(DATA UNDER STUDY Opens)
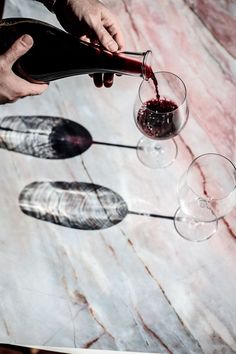 a person pouring wine into three glasses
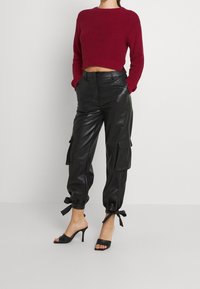 Lyhyt, punainen neulottu villapaita, jossa on pitkät hihat, paritettu mustiin nahkakarhurihmavaatteisiin, joissa on taskut ja säädettävät nauhat hihansuissa.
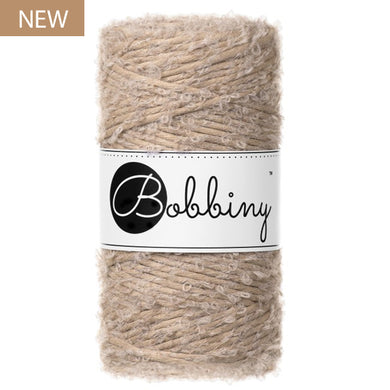 New Bobbiny 3mm Sand Boucle Cord 100m in a soft sandy beige shade, with Bobbiny label and NEW product badge.
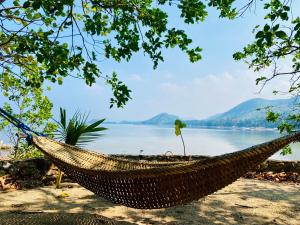 a hammock on a beach with a view of a lake at Ocamocam Beach Martins in New Busuanga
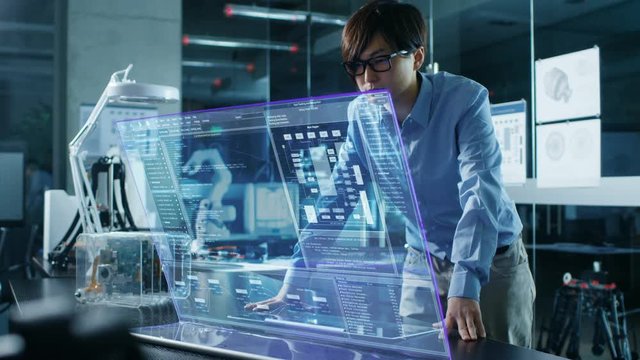 Asian Neural Microchip Design Engineer Uses Modern Computer With Transparent Holographic Display. Monitor Shows Advanced Technology Interface . Shot in Modern Glass and Concrete Office.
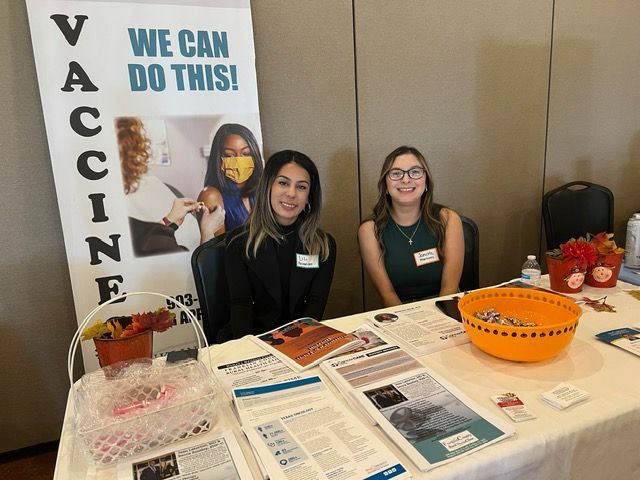 Two women are sitting at a table with a sign that says we can do this.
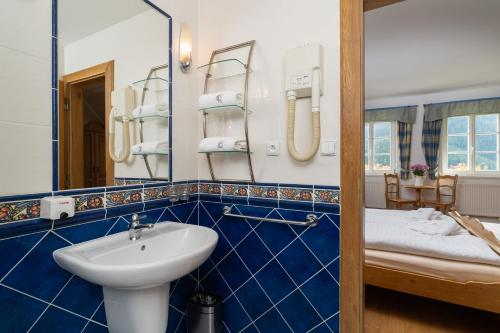 a bathroom with a sink and a mirror at Pension Slunečnice & Restaurace Farma in Špindlerův Mlýn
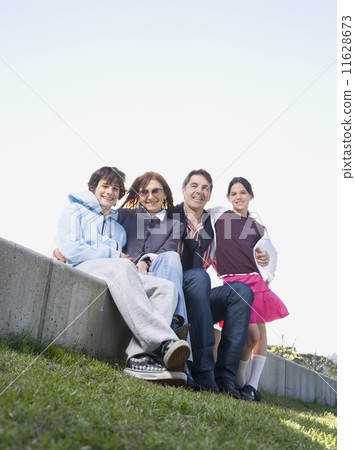 Multi-ethnic family sitting outdoors Multi-ethnic family sitting outdoors 11628673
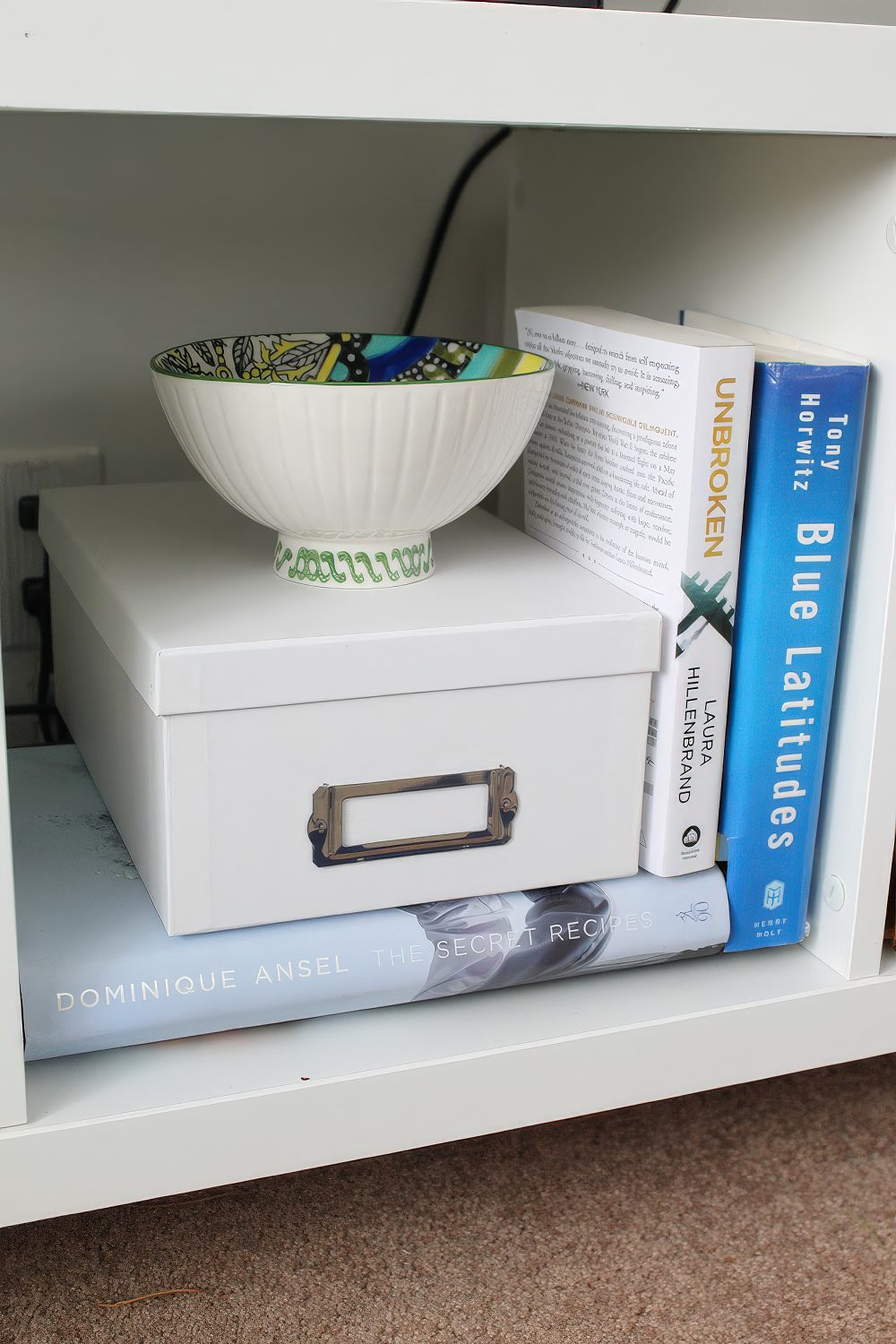 A stylish box covering a wi-fi router is a lovely idea for any space, and such a box will fit many styles and decor.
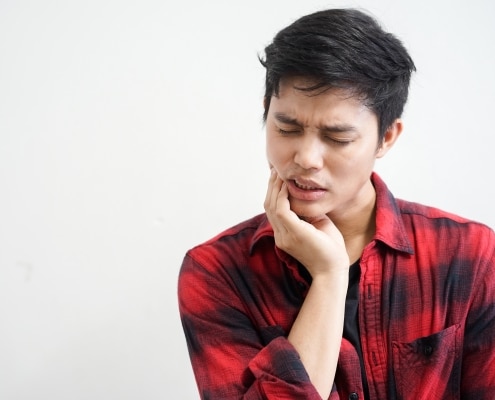 man holding jaw in pain
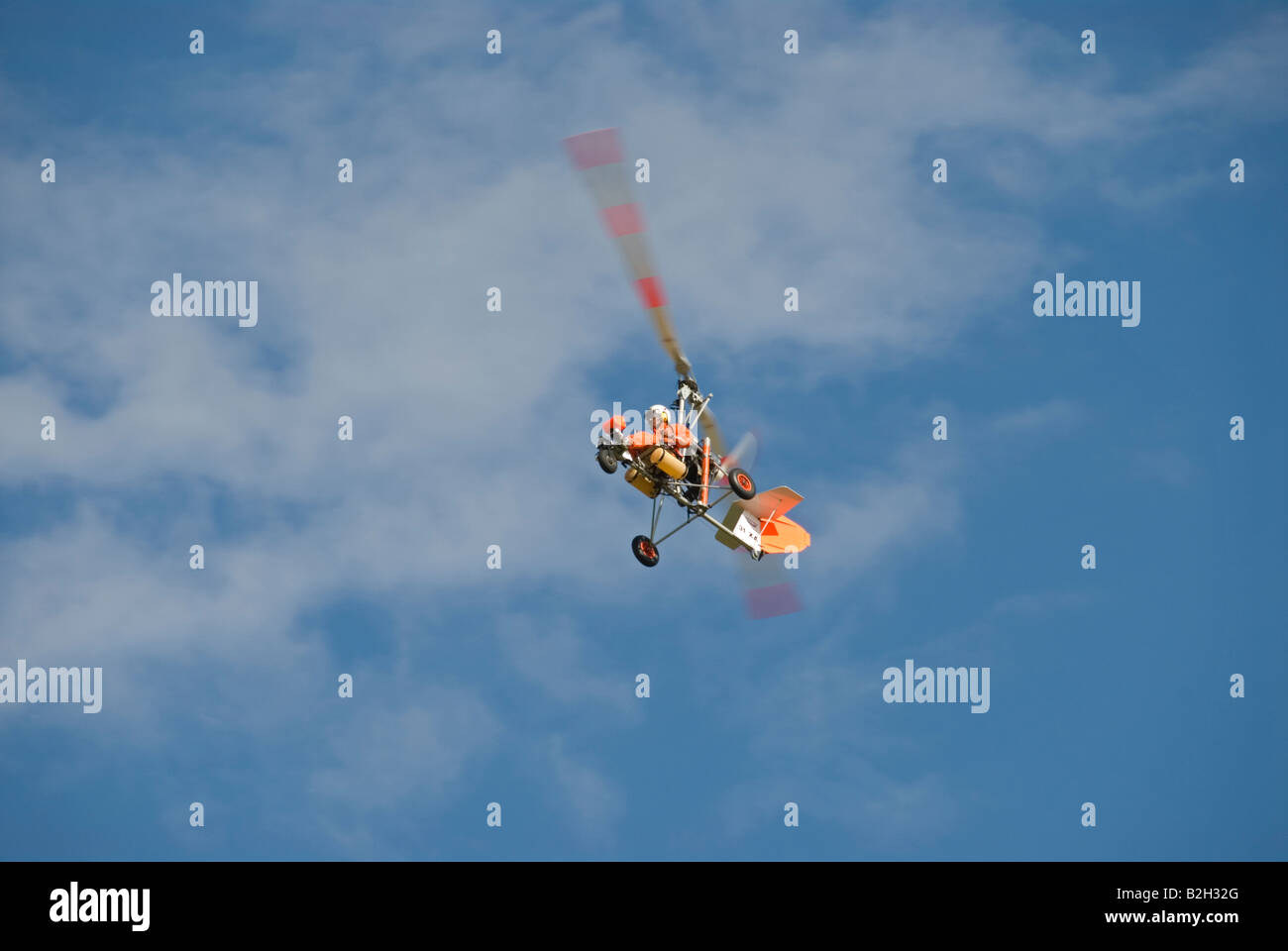 Stock photo of a single autogyro flying against a blue sky The photo was taken during a aviation dislplay in Estivol France Stock Photo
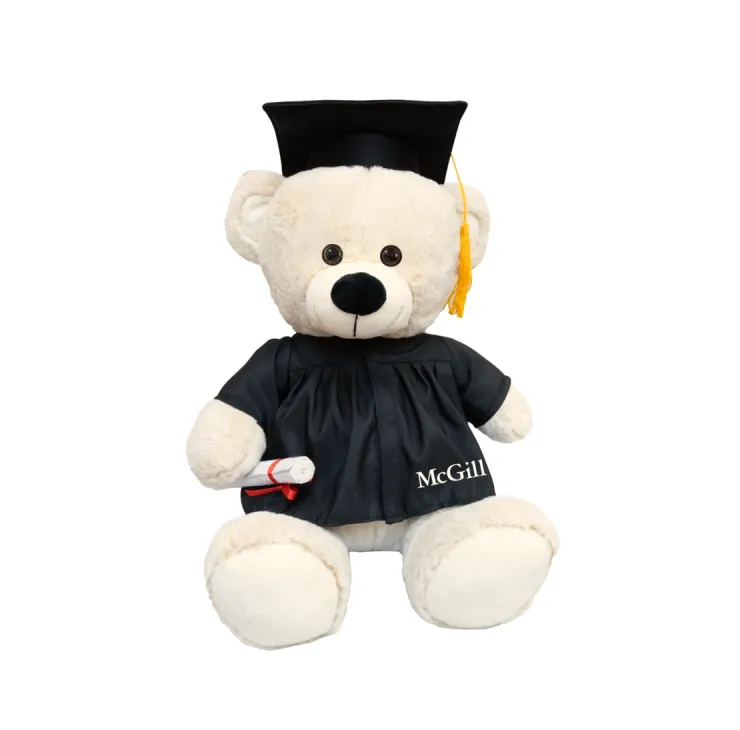 Beige McGill graduation teddy bear wearing black cap and gown with gold tassel, holding rolled diploma.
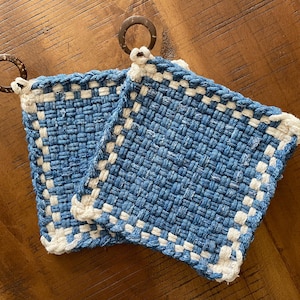 May include: Two square, woven potholders in shades of blue and white. The potholders have a woven texture with a white border and a loop for hanging. The potholders are made of a sturdy material and are suitable for kitchen use.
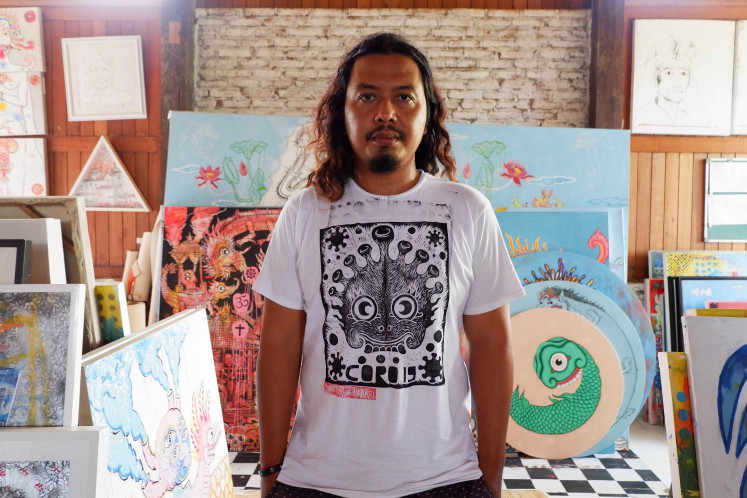 Made from trash: Artist Made Bayak created the Plasticology campaign in the early 2000s when he was a student at the Indonesian Art Institute (ISI) in Denpasar. (JP/Alez Kurniawan Ulung)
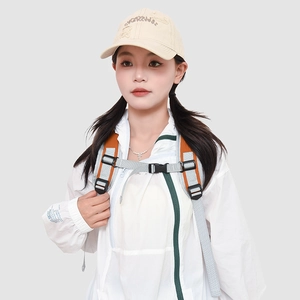 Detail of adjustable chest straps and padded grey shoulder straps on large backpack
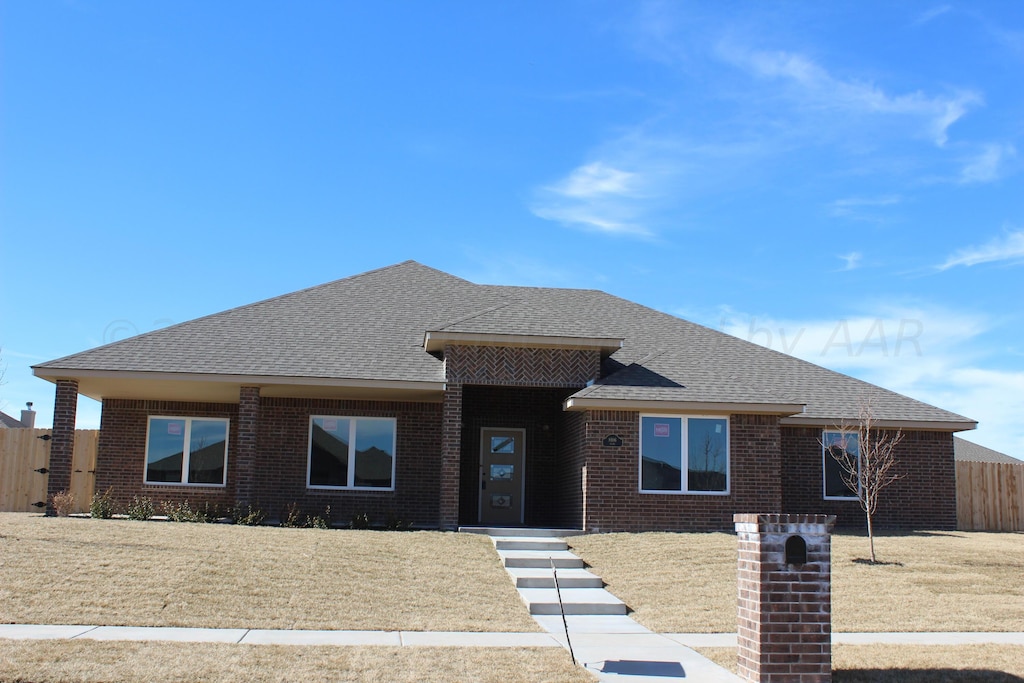 8106 Miami Ave, Amarillo, TX 79118 - view of front of property featuring roof with shingles and brick siding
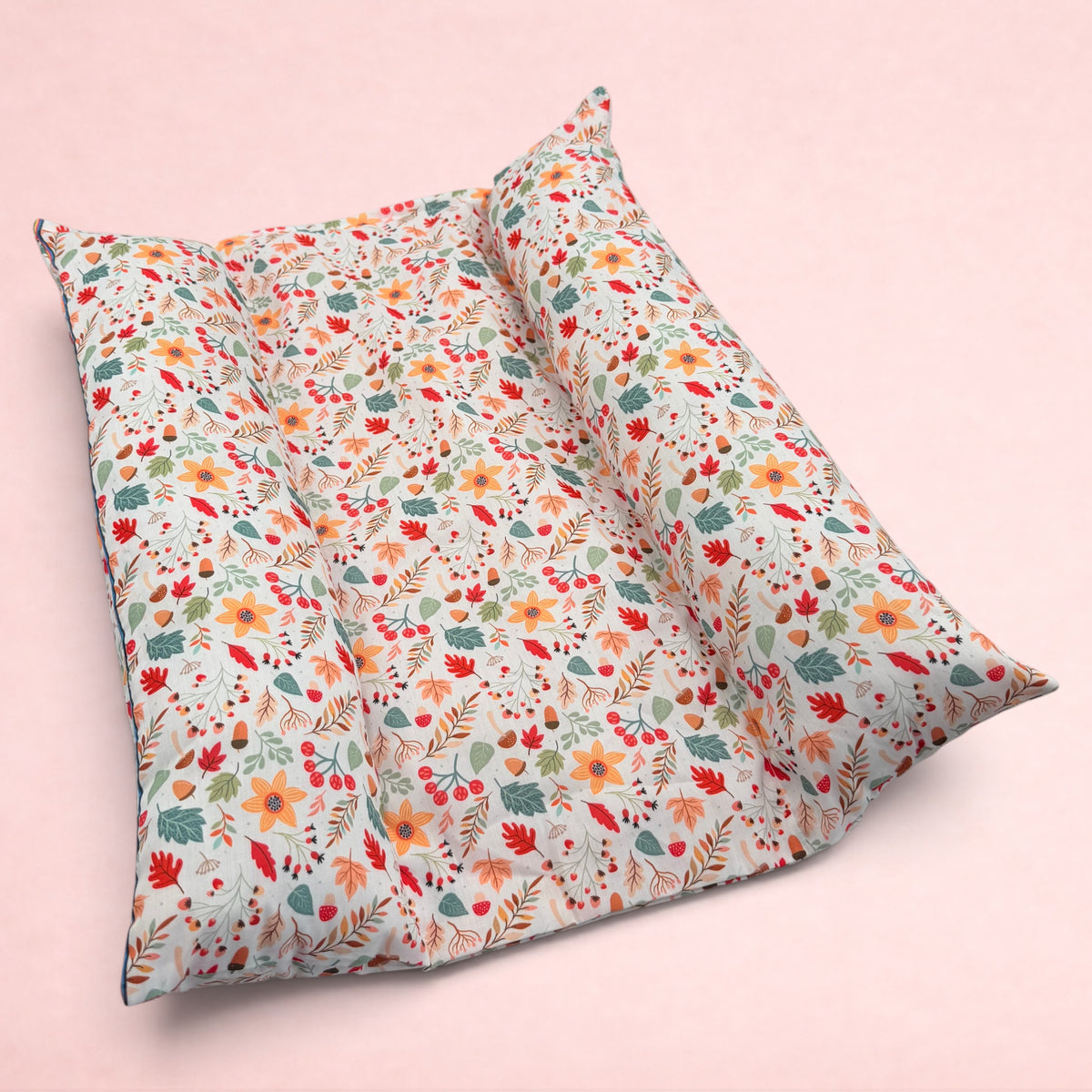 Darling Bun Shop handmade rabbit bed with autumn acorn and oak leaf print and raised pillow sides for comfort.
(DATA UNDER STUDY Closes)
Repeat exactly the lines from the one containing "man holding jaw in pain" to the last line of the records above, including both, and leave out any pictures.

__WRITTEN REPLY__.
 man holding jaw in pain
 Stock photo of a single autogyro flying against a blue sky The photo was taken during a aviation dislplay in Estivol France Stock Photo
 Beige McGill graduation teddy bear wearing black cap and gown with gold tassel, holding rolled diploma.
 May include: Two square, woven potholders in shades of blue and white. The potholders have a woven texture with a white border and a loop for hanging. The potholders are made of a sturdy material and are suitable for kitchen use.
 Made from trash: Artist Made Bayak created the Plasticology campaign in the early 2000s when he was a student at the Indonesian Art Institute (ISI) in Denpasar. (JP/Alez Kurniawan Ulung)
 Detail of adjustable chest straps and padded grey shoulder straps on large backpack
 8106 Miami Ave, Amarillo, TX 79118 - view of front of property featuring roof with shingles and brick siding
 Darling Bun Shop handmade rabbit bed with autumn acorn and oak leaf print and raised pillow sides for comfort.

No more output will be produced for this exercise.